以前の記事で、音声処理やコンピュータビジョンの分野で発展した、非負値行列因子分解(NMF: Non-negative matrix factorization)という手法があることをご紹介しました。

keep-learning.hatenablog.jp

NMFは、対象となるデータ行列S(音声ならSpectrogram)が、行数K×列数Mの基底行列Hと行数M×列数Nの活性化行列Uとの行列積 S \approx H \times U で近似できることを仮定するのでした。

ここで、任意の基底数Mは、Sの行列サイズよりも小さい(M<min(K, N))ものとされ、HとUの更新アルゴリズムを回す前に決めておくべき固定値となります。

このとき、HとUの更新アルゴリズムは、以下のようなデータ行列Sと近似値 H \times U との乖離度D(Deviation)を最小化するように決定されるのでした。

【二乗和誤差(Euclidean distance)】

 \displaystyle D(S \| H \times U)=\sum_{k=1}^{K} \sum_{n=1}^{N} \{ S_{k,n}-(H \times U)_{k,n} \} ^{2}

【一般化カルバック・ライブラー情報量(Kullback–Leibler divergence)】

 \displaystyle D_{KL}(S \| H \times U)=\sum_{k=1}^{K} \sum_{n=1}^{N} \left\{ S_{k,n} \log{\frac{S_{k,n}}{(H \times U)_{k,n}}}-S_{k,n}+(H \times U)_{k,n} \right\}

【板倉・斎藤擬距離(Itakura–Saito divergence)】

 \displaystyle D_{IS}(S \| H \times U)=\sum_{k=1}^{K} \sum_{n=1}^{N} \left\{ \frac{S_{k,n}}{(H \times U)_{k,n}}-\log{\frac{S_{k,n}}{(H \times U)_{k,n}}}-1 \right\}

ここまでは過去記事の復習です。今回は、これを確率論の立場から解釈するため、以下のような条件付き確率を考えてみます。

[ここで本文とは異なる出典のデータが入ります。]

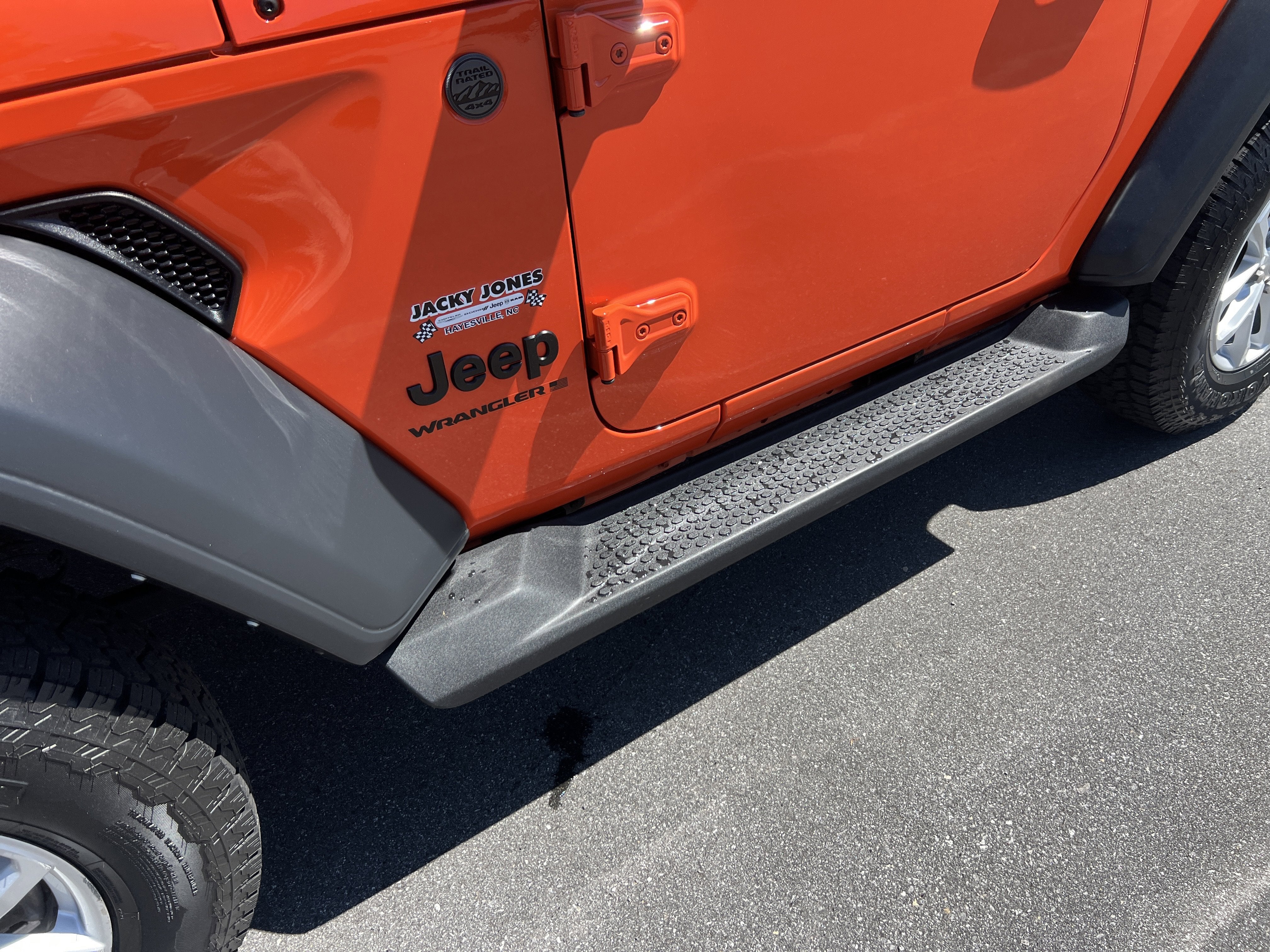 2023 Jeep Wrangler Sport S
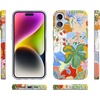 image:imageCasely iPhone 16 Plus Case  Into the Wild  White Snow Leopard  Compatible with MagSafe  Classic Ultra Slim DesignBotanical Blooms  Floral Patchwork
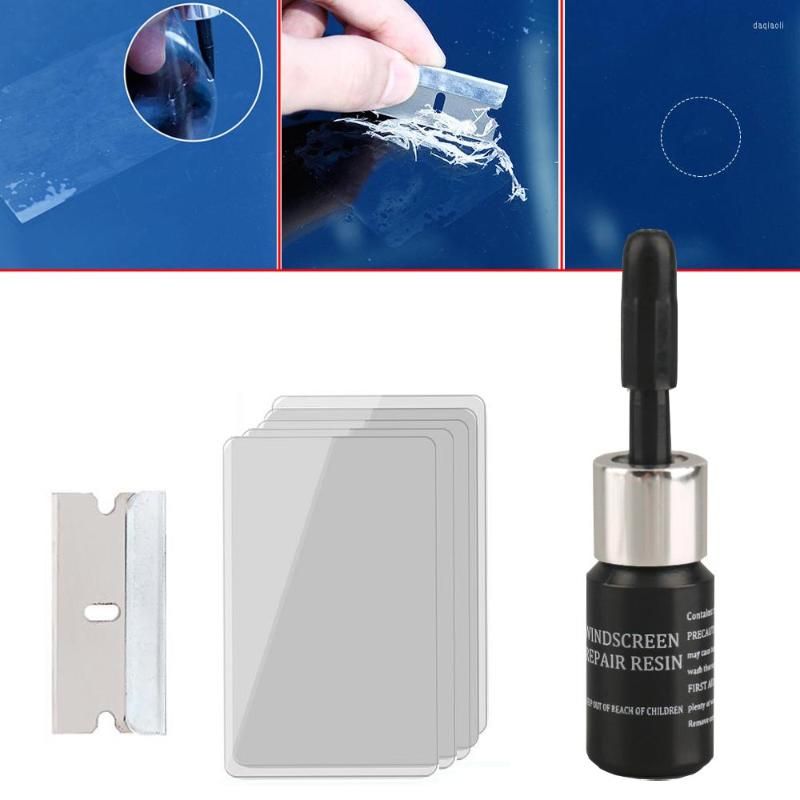 Cracked Glass Repair Kit Windshield Nano Repair Liquid DIY Car Window Phone  Screen Repair Utensil Scratch Crack Restore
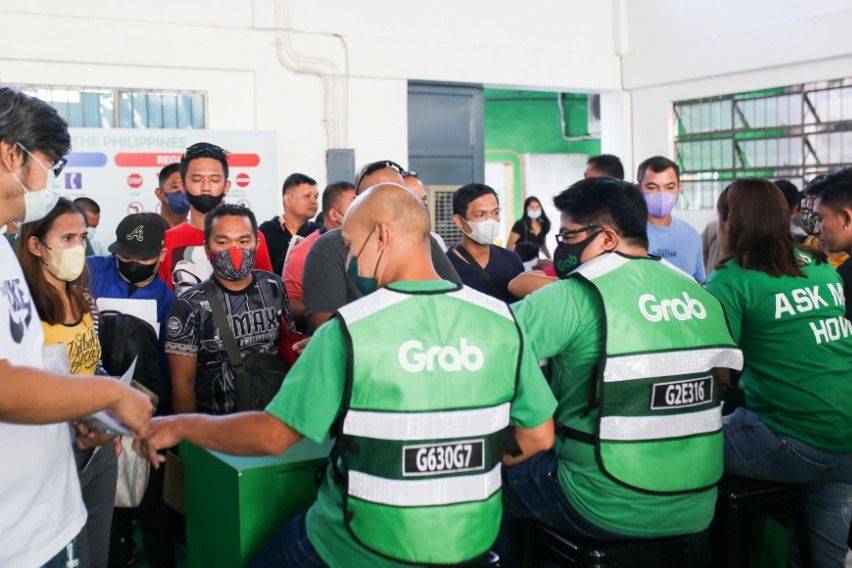 GrabCar-avan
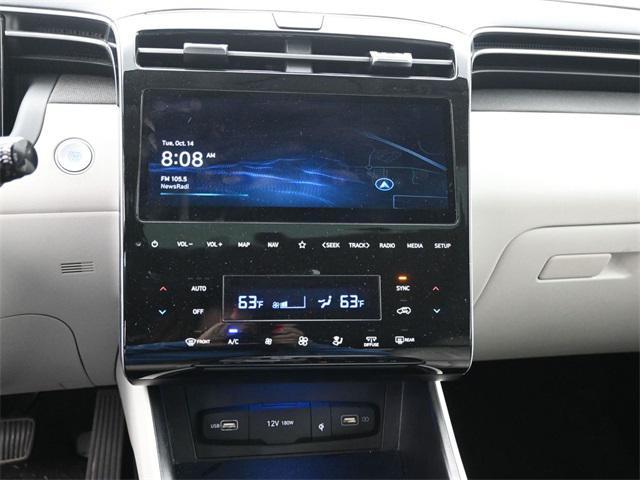 used 2024 Hyundai Tucson car, priced at $26,321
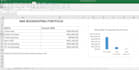 do excel bookkeeping, data entry and bank reconciliation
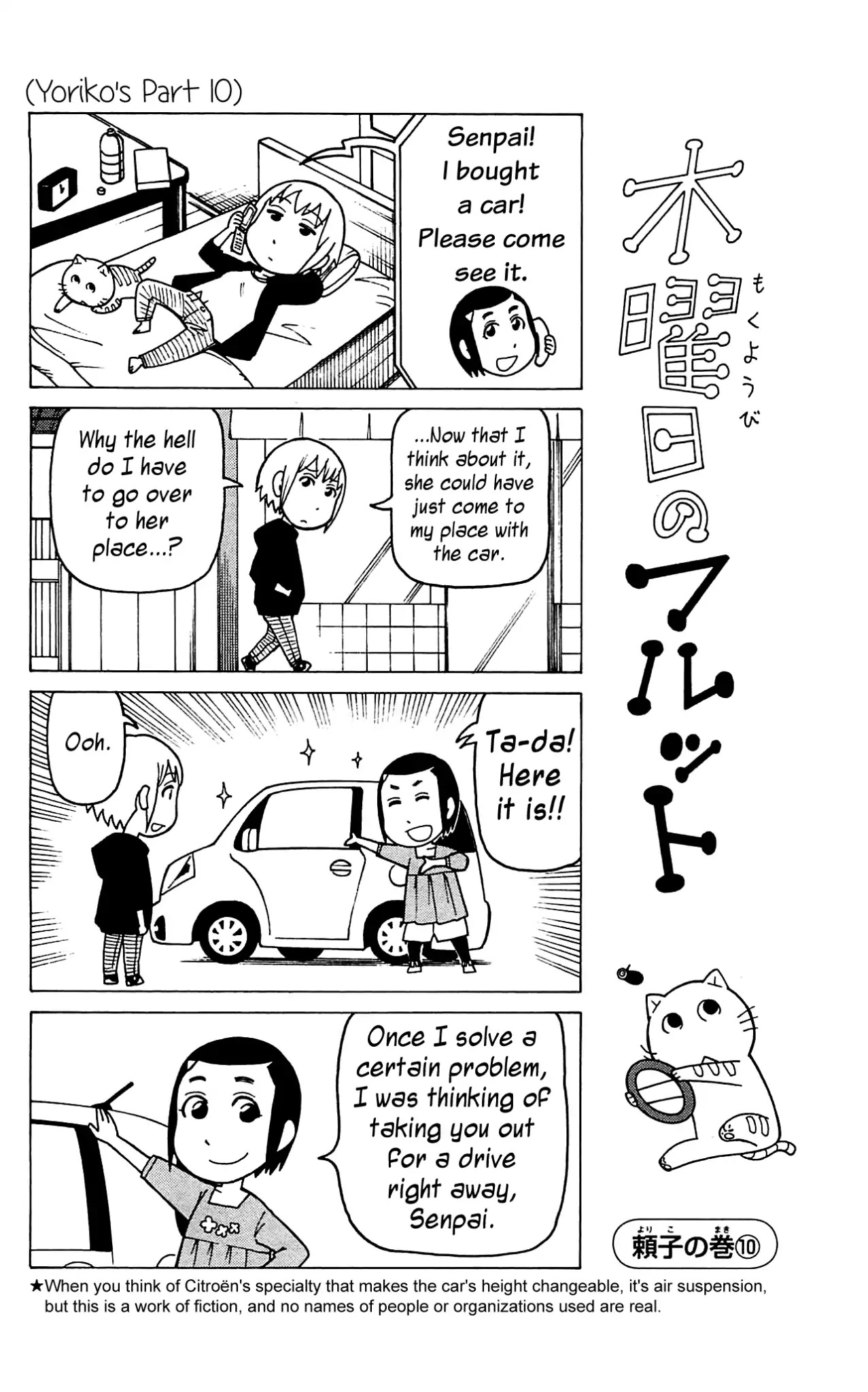 Mokuyoubi no Furutto Chapter 8 page 21 - Chapter 8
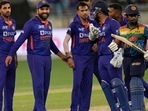 Sri Lanka defeated India by 6 wickets in the Super 4 phase of the Asia Cup 2022 on Tuesday(AP) Sri Lanka defeated India by 6 wickets in the Super 4 phase of the Asia Cup 2022 on Tuesday(AP)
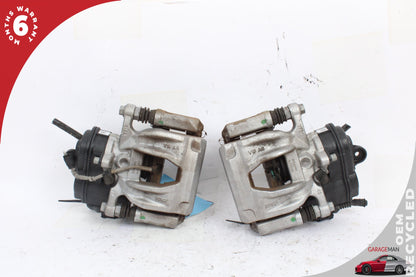 2018-2024 Audi Q5 SQ5 Rear Left and Right Side Brake Caliper Set 80A615406 OEM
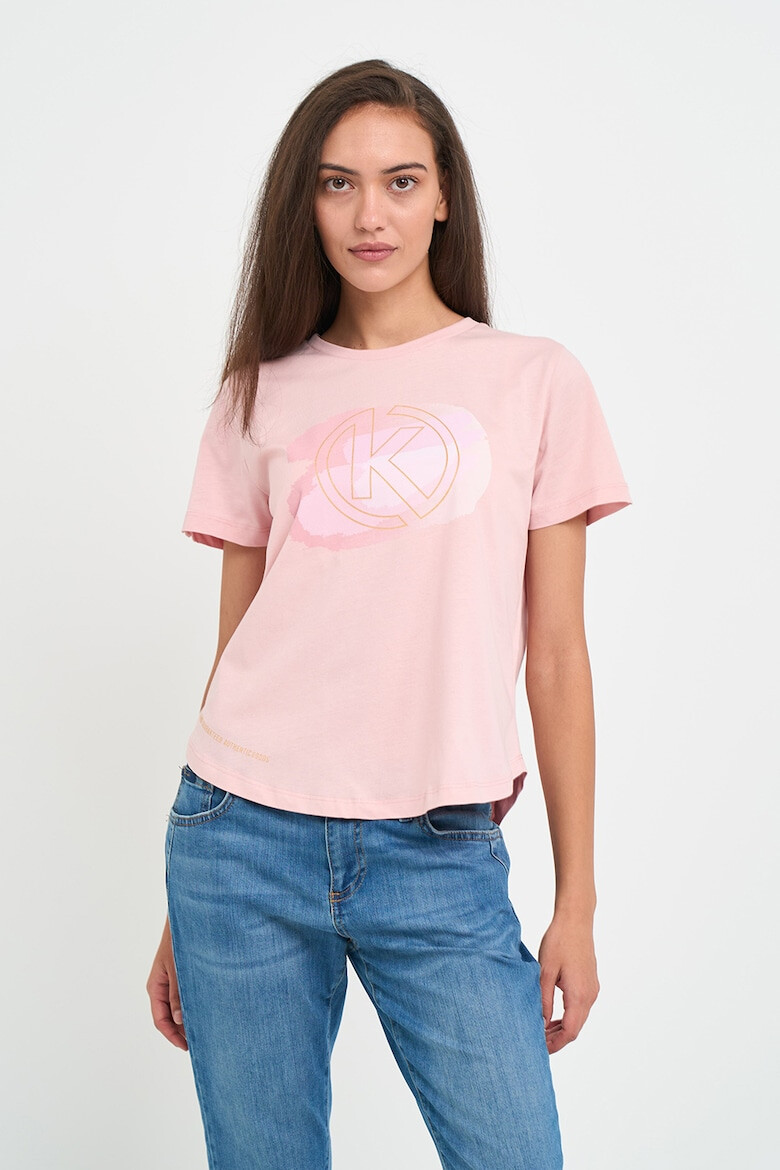 KVL by KENVELO Tricou cu logo - Pled.ro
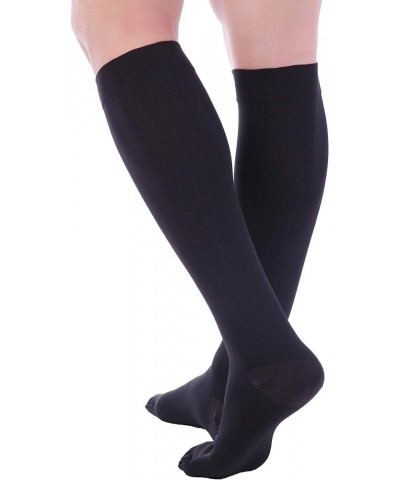 Compression Socks for Women and Men, 20-30mmHg Compression Socks Men for Varicose Veins and Improved Circulation, 1 Pair XX-L...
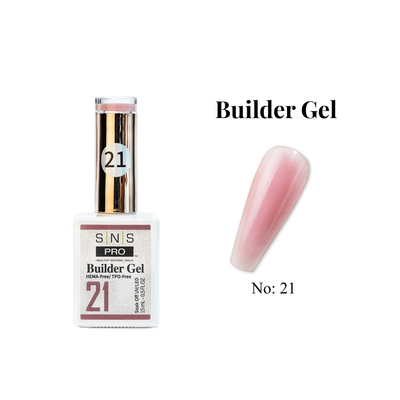 SNS Builder Gel In The Bottle - 21 - HEMA-Free/TPO-Free - 0.5oz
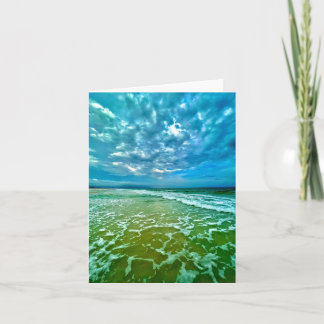 stationary, Fort Walton Beach Florida Card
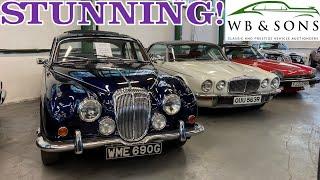 WB & Sons October 2021 Classic Car Auction Preview Ft. Daimler 250 V8 and Double Six V12 Coupe!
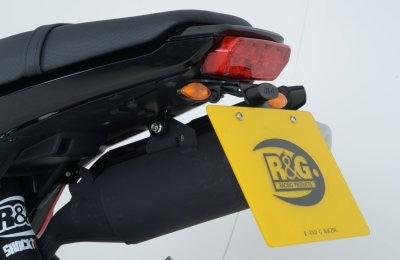 R&G Skiltholder, Honda MSX125 [Grom] (for miniblinklys with M8 thread) - up to 2015 model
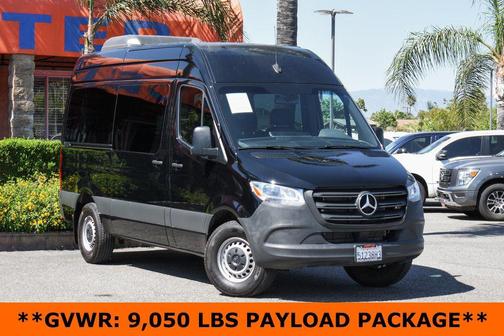 2021 Mercedes-Benz Sprinter 2500 Standard Roof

 \displaystyle P(S \| H, U)=\prod_{k=1}^{K}\prod_{n=1}^{N} Gauss \bigl(S_{k,n} \| (H \times U)_{k,n}, \sigma^{2} \bigr) \propto \prod_{k=1}^{K}\prod_{n=1}^{N} e^{-\frac{1}{2\sigma^{2}} \bigl\{ S_{k,n}-(H \times U)_{k,n} \bigr\} ^{2} }

 \displaystyle P(S \| H, U)=\prod_{k=1}^{K}\prod_{n=1}^{N} Poisson \bigl(S_{k,n} \| (H \times U)_{k,n} \bigr) \propto \prod_{k=1}^{K}\prod_{n=1}^{N} (H \times U)_{k,n}^{S_{k,n}} e^{-(H \times U)_{k,n}}

 \displaystyle P(S \| H, U)=\prod_{k=1}^{K}\prod_{n=1}^{N} Exponential \bigl(S_{k,n} \| (H \times U)_{k,n} \bigr) \propto \prod_{k=1}^{K}\prod_{n=1}^{N} \frac{1}{(H \times U)_{k,n}} e^{-\frac{S_{k,n}}{(H \times U)_{k,n}}}

これらは、データSの各行列要素 S_{k, n} が、確率分布関数(ガウス分布ポアソン分布、指数分布)から独立に生成されると仮定した場合の生成モデル(Generative model)を表しています*1

以前の記事でご紹介したとおり、生成モデルの確率分布関数 P(S \| \theta) が定義されたとき、そのモデルを特徴付けるパラメータ \theta 最尤推定という手法で計算可能なのでした。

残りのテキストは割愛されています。